BUGÜN YAŞANANLARIN NEDENİ
OHAL'de ortaya konulanın sadece ve sadece, devletin cebir ve şiddedini daha yoğunluklu ve meşru hale getirilmesi olduğunu belirten Sağlar, “OHAL o nedenle bir çözüm değildir. Bir tarafta
demokrasiyi ve evrensel hukuku askıya alıyorsunuz ve diğer bölgedeki insanları güvencede tutacağınızı sanıyorsunuz. Çağımızda gelinen noktada, OHAL dönemindeki ve şimdiki yaşantıyı gördüklerinde düşecekleri psikiloji ve otiriteye başkaldırışı bugün içinde yaşadığımız koşulların nedeni. Heralde bu öneride bulununlar Türkiyede yaşamıyor. OHAL, sadece o bölgeyi değil, tüm Türkiye'nin barışını tehdit eder” dedi.
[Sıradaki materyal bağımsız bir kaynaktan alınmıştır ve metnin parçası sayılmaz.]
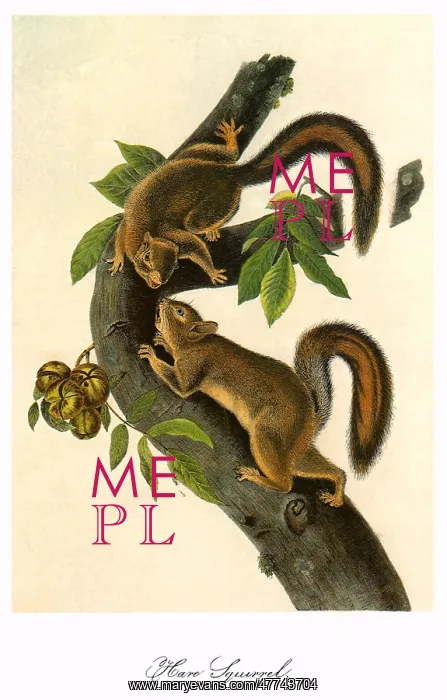  : Hare Squirrels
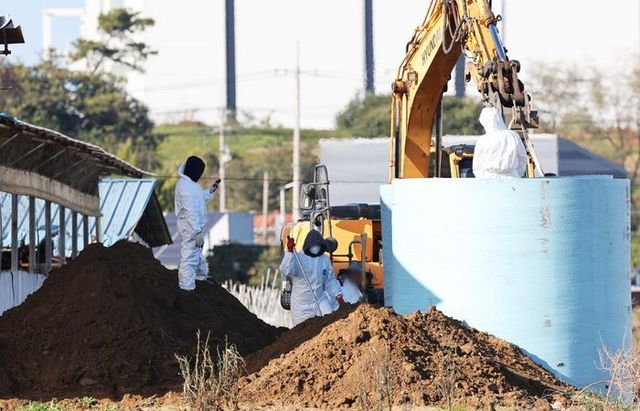 21일 오후 소 바이러스성 질병인 럼피스킨병(Lumpy Skin Disease)이 발생한 경기도 평택시의 한 젖소 농가에서 관계자들이 살처분 준비 작업을 하고 있다. ⓒ연합뉴스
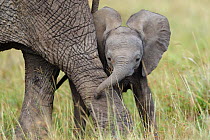 African Elephant (Loxodonta africana) baby playing with its mother. Masai-Mara Game Reserve, Kenya.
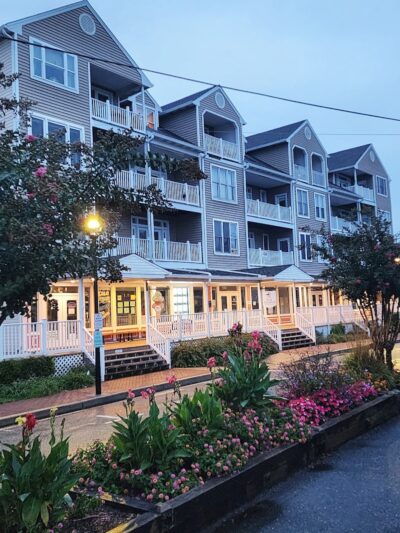 Cold Penguin Ice Cream - North Beach, MD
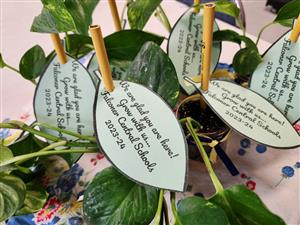 Plants grown by FCS for new teachers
OHAL'de oluşan yapıların, oluşturdukları rantı ve varolan güçlerin kullanılmasını OHAL sınırının dışına çıkardığını belirten Sağlar, “OHAL sınırları içinde bir tek uyuşturucu imahalathanesi bulunmamıştır. OHAL dışında çıkarılmıştır çünkü meşru devlet kurumları OHAL dışında çalışmıştır. OHAL'de silahı elinde bulunduran tüm taraflar, silahı kendi çıkarları için kullanmıştır. Türkiye'nin hiç birşey elde edemeği bu yönetim biçimini tekrar kullanması kadar akıl dışı bir şey olamaz” dedi.
ÇOK YANLIŞ YAPTIK SONUÇ ALAMADIK
OHAL döneminde bölgeyi yakından takip eden dönemin
Milli Savunma ve
Adalet Bakanı Oltan Sungurlu, OHAL'in bir çözüm olmayacağını belirterek, “Bir çok yanlış yaptık, şimdi ne yapalım diyoruz. Demokrasi çerçevesinde çözüm almalıyız. 25 yılda OHAL'le sonuç alamadık. Sıkı yönetim ve baskı al baskı rejimlerinde, istemesende hukuk dışında önüne geçemiyorsunuz.
PKK'ya karşı, karşı
propaganda yapmak gerekiyor. Diyarbakır
Cezaevi söylemi de PKK'nın propagandasıdır” diye konuştu.
BAŞLARSA DEMOKRATİK AÇILIM BİTER
CHP'nin son dönem
Kürt sorunlarıyla ilgili raporlar hazırlayan isimlerinden PM üyesi ve geçen dönem Diyarbakır
Milletvekili olarak görev yapan
Mesut Değer de OHAL'e dönüşün felaket olacağını düşünenlerden. Değer, “26 yılda ölü ve yaralı sayısı 63 bin. 15 yıllık OHAL döneminde ise 54 bin. OHAL çözüm değil, çözümsüzlüktür. OHAL başlarsa ‘demokratik
açılım' süreci tamamen biter” diye konuştu. Değer, “Çözüm konusunda Cumhurbaşkanımızın öncülük etmesi çok doğru. Konu
siyaset üstüdür ve
iktidar bile olsa bir partinin olaya öncülük etmesi, konuyu siyasallaştırıyor” dedi.
ÇÖZÜM İÇİN FIRSAT KAÇMIŞ DEĞİL
Eski MİT
Müsteşar Yardımcısı
Cevat Öneş, son dönemlerde artan PKK saldırılarını
demokratikleşme adımlarına bağladı. İç dinamiklerin demokratik
açılımı zorunlu kıldığını vurgulayan Öneş,
terör örgütü ve onu destekleyen iç ve dış unsurların bu adımlardan rahatsız olduğuna dikkat çekti. Demokratik açılımda geri adım atılmaması gerektiğine işaret eden Öneş, OHAL taleplerine de karşı çıktığını belirterek, “Çözüm adına fırsat kaçmış değil” dedi.